◆ **WHAT YOU ARE ASKED TO DO**: Repeat the data exactly. Pictures are not part of the copy.

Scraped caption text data

***

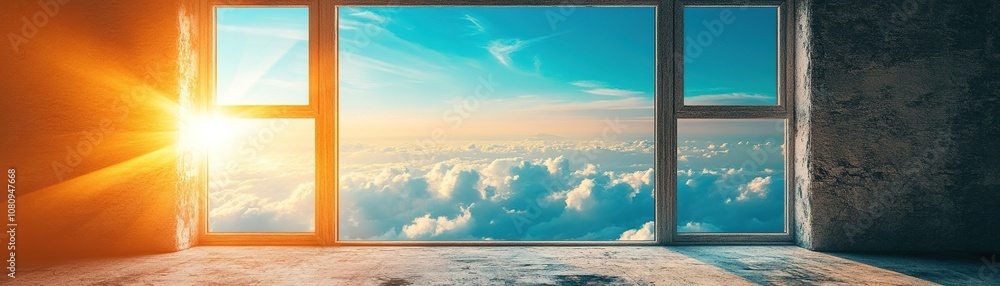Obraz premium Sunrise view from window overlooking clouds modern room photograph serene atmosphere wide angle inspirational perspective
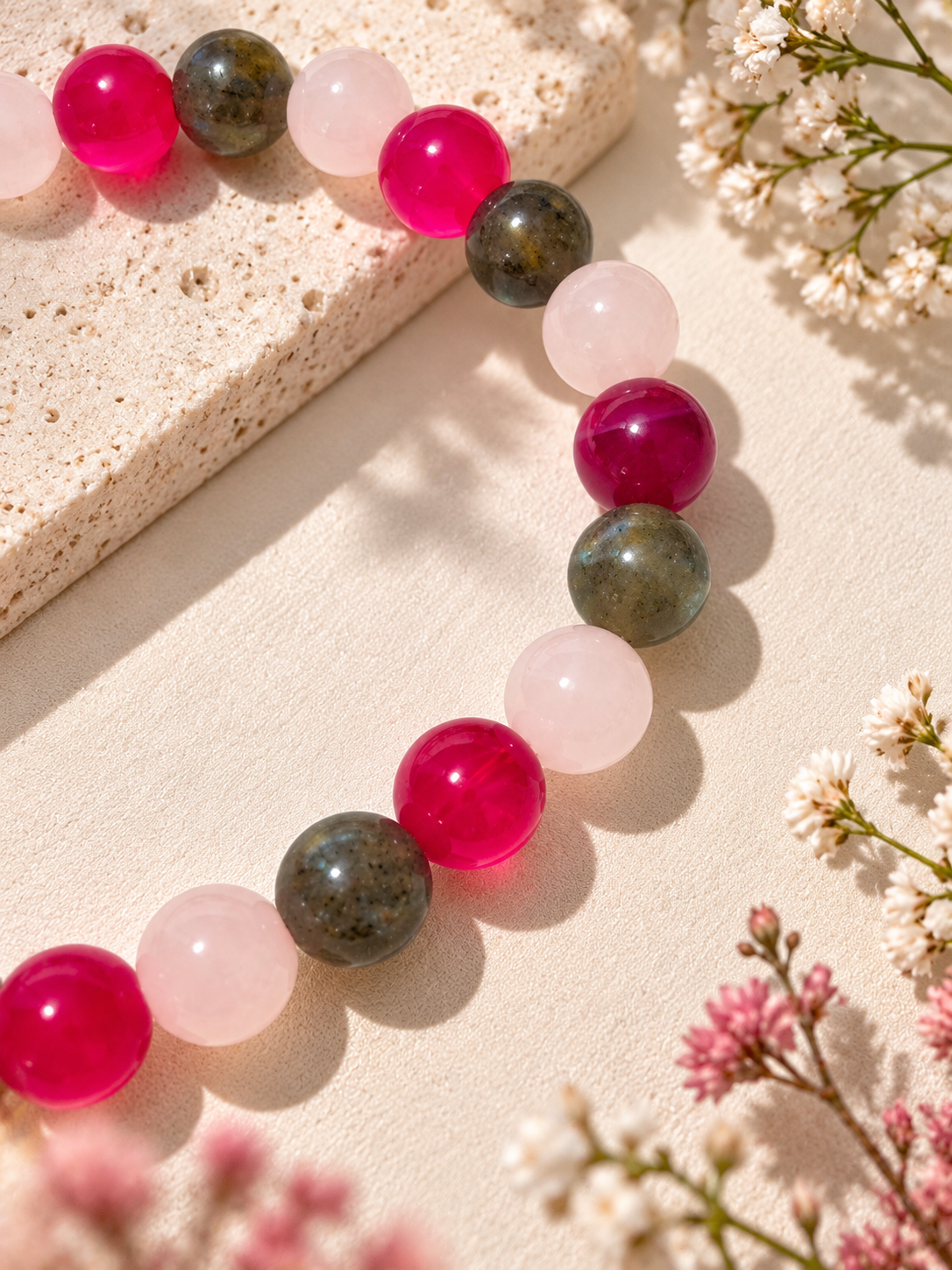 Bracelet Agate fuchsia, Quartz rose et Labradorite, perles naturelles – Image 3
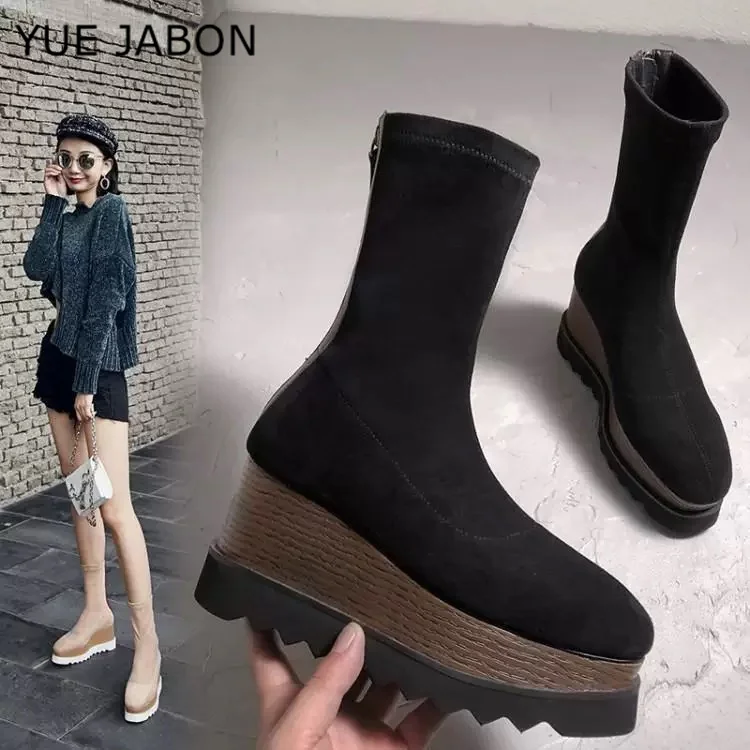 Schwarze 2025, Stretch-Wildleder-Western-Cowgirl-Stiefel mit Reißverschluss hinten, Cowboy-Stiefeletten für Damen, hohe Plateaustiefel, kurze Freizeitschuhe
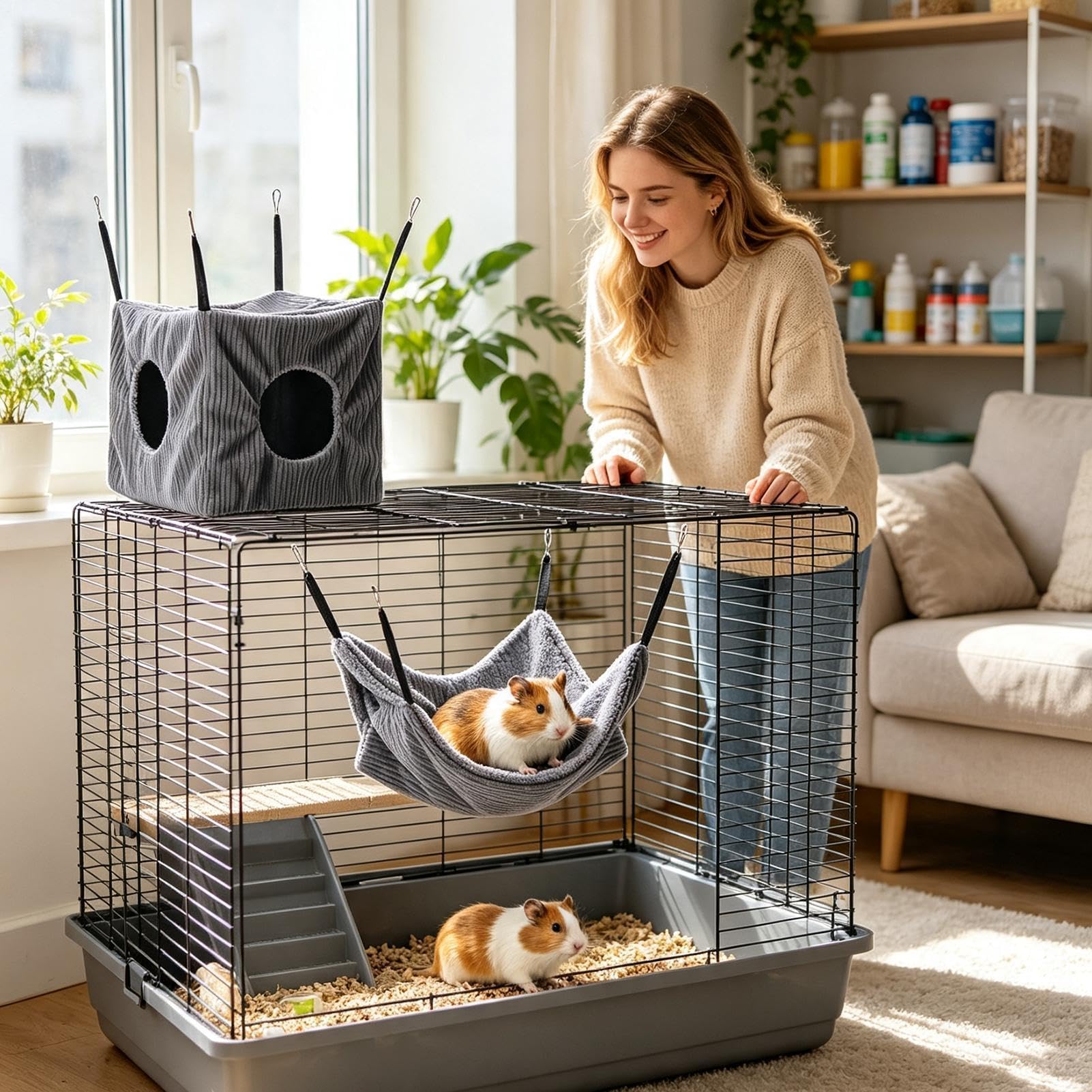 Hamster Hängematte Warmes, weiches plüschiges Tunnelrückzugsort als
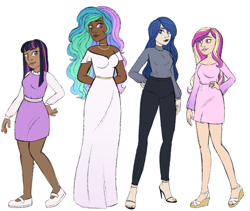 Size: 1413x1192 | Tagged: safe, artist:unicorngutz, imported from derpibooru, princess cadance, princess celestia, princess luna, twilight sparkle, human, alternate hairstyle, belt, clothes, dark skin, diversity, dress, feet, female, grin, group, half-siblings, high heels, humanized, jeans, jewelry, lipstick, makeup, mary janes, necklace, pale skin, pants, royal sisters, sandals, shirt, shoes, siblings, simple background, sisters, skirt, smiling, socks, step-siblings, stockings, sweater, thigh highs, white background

***

◆ **ANSWER BOX**:
Obraz premium Sunrise view from window overlooking clouds modern room photograph serene atmosphere wide angle inspirational perspective
 Bracelet Agate fuchsia, Quartz rose et Labradorite, perles naturelles – Image 3
 Schwarze 2025, Stretch-Wildleder-Western-Cowgirl-Stiefel mit Reißverschluss hinten, Cowboy-Stiefeletten für Damen, hohe Plateaustiefel, kurze Freizeitschuhe
 Hamster Hängematte Warmes, weiches plüschiges Tunnelrückzugsort als
 Size: 1413x1192 | Tagged: safe, artist:unicorngutz, imported from derpibooru, princess cadance, princess celestia, princess luna, twilight sparkle, human, alternate hairstyle, belt, clothes, dark skin, diversity, dress, feet, female, grin, group, half-siblings, high heels, humanized, jeans, jewelry, lipstick, makeup, mary janes, necklace, pale skin, pants, royal sisters, sandals, shirt, shoes, siblings, simple background, sisters, skirt, smiling, socks, step-siblings, stockings, sweater, thigh highs, white background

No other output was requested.